Dynamic Spending Rules
If the goal is ultimately not to run out of funds in retirement, the first spending adjustment case can substantially improve those chances (aside from a large negative return in the final periods prior to the last withdrawals).
Each month, we will compare the portfolio value to the 90% success value. If the portfolio is below that cutoff, we will size the withdrawal to hit improve the odds of success back to that level, if possible.
The benefit of this approach is greatly improved success along the different paths. The cost is forgone income.
But this can mean forgoing a lot of income over the life of the portfolio in a particularly bad state of the world. The worst case in terms of this total forgone income is shown below.
Source: Global Financial Data. Calculations by Newfound.

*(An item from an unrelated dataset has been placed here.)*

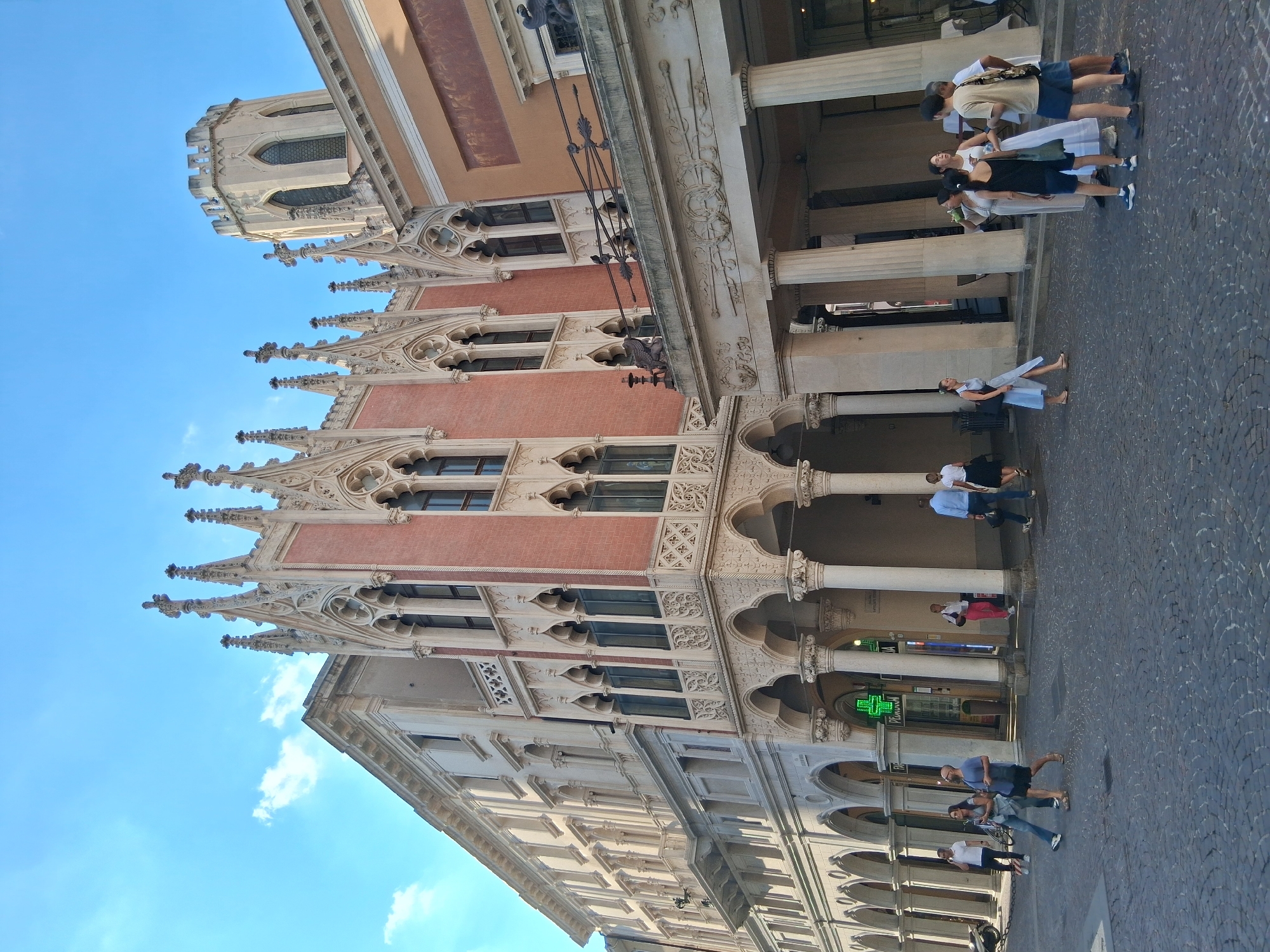 The image shows the exterior of the Palazzo Bo, University of Padua, in Padua, Italy. The building features a highly ornate Gothic facade with intricate stonework, pointed arches, and decorative pinnacles. A cylindrical tower with battlements rises above the main structure. Several people are walking on the cobblestone street in front of the building. Some are in groups, while others are walking individually. The sky is blue with a few scattered clouds. The scene depicts a sunny day in an urban environment with a historic architectural landmark.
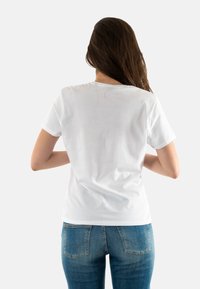 Camiseta de algodón blanca con mangas cortas, cuello redondo, textura suave, combinada con jeans azules que presentan un patrón de costura de bolsillo distintivo.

The portfolio gives up withdrawals totaling 74%, nearly 19 years’ worth. Most of this is given up in consecutive periods during the prolonged drawdown that occurs shortly after retirement.
This is an extreme case that illustrates how large of income adjustments could be required to ensure success under a Monte Carlo framework.
The median case foregoes 9 months of total income over the portfolio horizon, and the worst 5% of cases all give up 30% (7.5 years) of income based off the initial portfolio value.
That is still a bit extreme in terms of potential cutbacks.
As a more realistic scenario that is easier on the pocketbook, we will limit the total annual cutback to 30% of the withdrawal in the following manner:
These rules still increase the success rate to 99% but substantially reduce the amount of reductions in income.
Looking again at the worst-case scenario, we see that this case still “fails” (even though it lasts another 4.5 years) but that its reduction in come is now less than half of what it was in the extreme cutback case. This pattern is in line with the “lower for longer” reductions that Derek had looked at in the blog post.
Source: Global Financial Data. Calculations by Newfound.
On the 66% of sample paths where there was a cut in spending at some point, the average total cut amounted to 5% of the portfolio (a little over a year of withdrawals spread over the life of the portfolio).
Even moving to an even less extreme reduction regime where only 10% cuts are ever made if the probability of failure increases above 10%, the average reduction in the 66% of cases that required cuts was about 9 months of withdrawals over the 30-year period.
In these scenarios, the failure rate is reduced to 5% (from 8% with no dynamic spending rules).
Source: Global Financial Data. Calculations by Newfound.
Conclusion
Retirement simulations can be a powerful planning tool, but they are only as good as their inputs and assumptions. Making them align as closes with reality as possible can be a way to quantify the impact of dynamic spending rules in retirement.
While the magnitude of spending reductions necessary to guarantee success of a retirement plan in all potential states of the world is prohibitive. However, small modifications to spending can have a large impact on success.
For example, reducing withdrawal by 10% when the forecasted failure rate increases above 10% nearly cut the failure rate of the entire plan in half.
But dynamic spending rules do not exist in a vacuum; they can be paired with other marginal improvements to boost the likelihood of success:
While failure is certainly possible for investors, a “too big to fail” mentality is much more in line with the reality of retirement.
Even if absolute failure is unlikely, adjustments will likely be a requirement. These can be built into the retirement planning process and can shed light on stress testing scenarios and sensitivity.
From a retirement planning perspective, flexibility is simply another form of risk management.